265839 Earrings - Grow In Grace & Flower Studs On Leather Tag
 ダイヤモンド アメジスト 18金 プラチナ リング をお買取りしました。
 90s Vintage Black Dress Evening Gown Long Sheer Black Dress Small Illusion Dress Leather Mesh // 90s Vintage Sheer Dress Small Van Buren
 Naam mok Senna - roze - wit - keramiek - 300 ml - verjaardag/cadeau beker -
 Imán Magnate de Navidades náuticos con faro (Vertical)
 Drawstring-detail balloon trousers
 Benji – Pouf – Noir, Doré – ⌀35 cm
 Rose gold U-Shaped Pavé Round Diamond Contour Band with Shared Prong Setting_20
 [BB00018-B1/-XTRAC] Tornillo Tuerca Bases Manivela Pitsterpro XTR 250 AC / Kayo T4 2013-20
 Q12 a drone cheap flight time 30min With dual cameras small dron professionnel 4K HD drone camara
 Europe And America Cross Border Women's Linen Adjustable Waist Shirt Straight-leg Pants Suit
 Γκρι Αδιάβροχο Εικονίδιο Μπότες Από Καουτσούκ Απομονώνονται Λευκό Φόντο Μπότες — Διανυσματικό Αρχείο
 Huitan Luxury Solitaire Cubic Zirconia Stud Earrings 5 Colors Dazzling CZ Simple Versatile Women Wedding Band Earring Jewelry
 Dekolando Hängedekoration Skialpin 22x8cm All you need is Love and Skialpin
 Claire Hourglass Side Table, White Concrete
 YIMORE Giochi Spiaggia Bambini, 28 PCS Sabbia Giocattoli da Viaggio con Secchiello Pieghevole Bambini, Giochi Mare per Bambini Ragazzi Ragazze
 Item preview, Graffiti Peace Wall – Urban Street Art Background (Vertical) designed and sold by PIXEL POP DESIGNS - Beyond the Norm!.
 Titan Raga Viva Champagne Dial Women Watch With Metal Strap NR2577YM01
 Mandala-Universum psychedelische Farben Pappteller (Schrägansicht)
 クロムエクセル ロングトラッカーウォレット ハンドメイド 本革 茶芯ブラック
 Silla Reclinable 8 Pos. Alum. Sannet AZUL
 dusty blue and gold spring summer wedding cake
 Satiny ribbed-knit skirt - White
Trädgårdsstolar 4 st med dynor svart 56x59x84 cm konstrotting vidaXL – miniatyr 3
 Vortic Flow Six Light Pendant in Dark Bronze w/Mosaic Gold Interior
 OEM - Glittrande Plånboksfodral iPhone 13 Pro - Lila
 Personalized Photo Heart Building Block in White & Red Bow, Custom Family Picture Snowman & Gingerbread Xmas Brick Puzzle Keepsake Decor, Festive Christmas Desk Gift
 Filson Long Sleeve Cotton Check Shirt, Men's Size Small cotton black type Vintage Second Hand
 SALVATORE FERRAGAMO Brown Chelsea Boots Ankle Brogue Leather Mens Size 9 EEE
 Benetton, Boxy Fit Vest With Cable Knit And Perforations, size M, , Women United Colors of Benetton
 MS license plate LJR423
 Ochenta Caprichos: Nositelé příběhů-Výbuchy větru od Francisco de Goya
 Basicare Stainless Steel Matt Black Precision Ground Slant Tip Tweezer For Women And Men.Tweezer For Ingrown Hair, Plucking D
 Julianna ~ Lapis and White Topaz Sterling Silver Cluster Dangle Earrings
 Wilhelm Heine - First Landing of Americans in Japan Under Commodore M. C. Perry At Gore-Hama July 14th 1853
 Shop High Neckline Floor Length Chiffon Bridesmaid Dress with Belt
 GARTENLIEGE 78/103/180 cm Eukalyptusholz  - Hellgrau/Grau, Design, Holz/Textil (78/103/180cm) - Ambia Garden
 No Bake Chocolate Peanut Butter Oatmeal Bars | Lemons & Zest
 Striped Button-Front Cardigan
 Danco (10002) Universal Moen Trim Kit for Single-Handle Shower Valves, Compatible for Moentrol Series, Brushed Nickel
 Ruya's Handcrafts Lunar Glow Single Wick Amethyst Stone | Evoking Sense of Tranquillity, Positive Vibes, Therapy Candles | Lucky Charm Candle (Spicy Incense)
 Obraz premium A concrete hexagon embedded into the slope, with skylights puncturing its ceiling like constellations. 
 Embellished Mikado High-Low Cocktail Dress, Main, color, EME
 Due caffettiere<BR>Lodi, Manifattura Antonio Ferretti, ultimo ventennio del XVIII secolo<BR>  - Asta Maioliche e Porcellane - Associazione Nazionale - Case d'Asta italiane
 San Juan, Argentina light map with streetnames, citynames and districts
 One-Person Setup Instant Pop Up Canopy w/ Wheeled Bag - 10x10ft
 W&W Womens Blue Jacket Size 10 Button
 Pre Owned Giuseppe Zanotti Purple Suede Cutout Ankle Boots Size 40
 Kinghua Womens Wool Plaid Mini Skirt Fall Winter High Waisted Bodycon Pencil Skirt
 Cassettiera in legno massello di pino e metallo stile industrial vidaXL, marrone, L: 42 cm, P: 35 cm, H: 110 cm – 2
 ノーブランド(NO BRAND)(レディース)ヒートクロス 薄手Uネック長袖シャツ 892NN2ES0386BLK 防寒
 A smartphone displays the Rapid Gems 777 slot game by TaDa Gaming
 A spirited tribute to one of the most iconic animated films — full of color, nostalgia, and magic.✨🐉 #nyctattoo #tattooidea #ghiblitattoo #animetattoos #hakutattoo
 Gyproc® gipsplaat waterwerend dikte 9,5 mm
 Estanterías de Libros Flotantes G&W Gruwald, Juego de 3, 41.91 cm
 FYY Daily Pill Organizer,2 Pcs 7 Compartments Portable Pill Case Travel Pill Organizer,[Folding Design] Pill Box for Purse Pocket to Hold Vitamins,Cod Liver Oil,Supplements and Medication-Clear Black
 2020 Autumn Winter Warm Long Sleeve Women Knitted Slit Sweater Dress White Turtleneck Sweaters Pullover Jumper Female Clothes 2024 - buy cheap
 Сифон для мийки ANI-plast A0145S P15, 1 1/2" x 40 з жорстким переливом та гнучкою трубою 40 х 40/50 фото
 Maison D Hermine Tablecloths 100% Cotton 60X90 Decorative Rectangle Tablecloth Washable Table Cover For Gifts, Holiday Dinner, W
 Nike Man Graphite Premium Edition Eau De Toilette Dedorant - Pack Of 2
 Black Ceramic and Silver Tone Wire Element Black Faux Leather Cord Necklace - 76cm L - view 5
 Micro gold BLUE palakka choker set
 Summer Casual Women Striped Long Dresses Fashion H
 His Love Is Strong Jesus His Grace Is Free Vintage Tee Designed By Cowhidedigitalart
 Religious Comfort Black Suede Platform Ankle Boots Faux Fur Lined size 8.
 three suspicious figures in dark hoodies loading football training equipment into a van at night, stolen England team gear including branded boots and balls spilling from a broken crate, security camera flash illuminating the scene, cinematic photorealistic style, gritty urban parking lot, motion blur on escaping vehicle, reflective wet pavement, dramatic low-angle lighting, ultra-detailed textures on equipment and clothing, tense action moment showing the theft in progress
::::::
> _Exercise prompt_
Which lines above include the word "Winter"? Pick them out and copy them.

> _Exercise output_
 Kinghua Womens Wool Plaid Mini Skirt Fall Winter High Waisted Bodycon Pencil Skirt
 2020 Autumn Winter Warm Long Sleeve Women Knitted Slit Sweater Dress White Turtleneck Sweaters Pullover Jumper Female Clothes 2024 - buy cheap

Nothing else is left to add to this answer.